------ Available records

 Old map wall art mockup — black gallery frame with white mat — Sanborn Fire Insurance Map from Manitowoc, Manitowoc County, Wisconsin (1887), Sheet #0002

------------
------ Available records

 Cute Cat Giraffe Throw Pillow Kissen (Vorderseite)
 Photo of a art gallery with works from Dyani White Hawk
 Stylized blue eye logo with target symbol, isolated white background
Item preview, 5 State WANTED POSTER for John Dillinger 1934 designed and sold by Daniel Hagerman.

------------

(Problem to work on) In the listing above, find the line containing "Stylized blue eye" and the line containing "Item preview, 5", then repeat those two lines and everything between them exactly.

(Written response)
 Stylized blue eye logo with target symbol, isolated white background
Item preview, 5 State WANTED POSTER for John Dillinger 1934 designed and sold by Daniel Hagerman.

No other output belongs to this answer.